Homoglyph and zero-width attacks: Homoglyph attacks are ones where one unicode character is swapped for another one that is similar-looking but different, such as replacing i with the Cyrillic unicode i character. Zero-width attacks is the insertion of characters that are zero-width whitespace. Homoglyph attacks can be avoided by normalizing characters, and zero-width attacks can be avoided by removing these characters.
Generative attacks: LLMs are capable of in-context learning, meaning that they can learn to perform a new task that does not exist on their training dataset simply by being given a few training examples. If the model is then prompted to modify its output in a deterministic and reversible way, then the modification can be reversed to result in a change in a large number of tokens.

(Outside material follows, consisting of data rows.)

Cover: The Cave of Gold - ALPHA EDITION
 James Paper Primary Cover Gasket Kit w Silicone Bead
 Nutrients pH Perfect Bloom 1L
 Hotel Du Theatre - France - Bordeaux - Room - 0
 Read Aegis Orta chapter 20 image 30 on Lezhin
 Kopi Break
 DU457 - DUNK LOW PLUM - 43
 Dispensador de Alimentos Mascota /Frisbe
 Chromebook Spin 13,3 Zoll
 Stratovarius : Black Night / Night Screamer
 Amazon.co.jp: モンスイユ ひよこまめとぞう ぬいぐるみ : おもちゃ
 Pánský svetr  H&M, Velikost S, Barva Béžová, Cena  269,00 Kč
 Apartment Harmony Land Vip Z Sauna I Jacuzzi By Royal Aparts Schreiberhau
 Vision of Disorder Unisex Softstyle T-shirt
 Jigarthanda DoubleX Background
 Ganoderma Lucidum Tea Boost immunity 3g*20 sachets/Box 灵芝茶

An example generative attack is the Emoji attack, shown in the figure below:

Most Glaring Deficiency

To be completely honest, this was one of the rare papers where I felt the authors were very comprehensive in addressing all dimensions of their research question or otherwise mentioned them as possible future work. Very good job!

If I had to mention a deficiency, it would be that the motivation for introducing \(\gamma\) in computing their \(z\)-statistic was rather unclear and arbitrary to me. It seemed pertinent as it was a hyperparameter that they experimented with different values for, but an intuitive explanation would have helped.

Conclusions for Future Work

Watermarking LLM-generated outputs can be performed with minimal changes to the underlying model, having only to modify the final logits before sampling. It also does not require any re-training.

However, while such watermark-based approaches are one step towards allowing us to identify LLM-produced text in the wild, they still suffer from the fundamental limitation that it require adversaries to be using LLMs that conform with the watermarking standard. Indeed, given the rising prevalence of highly capable small language models that can run on commodity hardware, motivated adversaries can simply deploy and run their own models that produce text without any watermarks.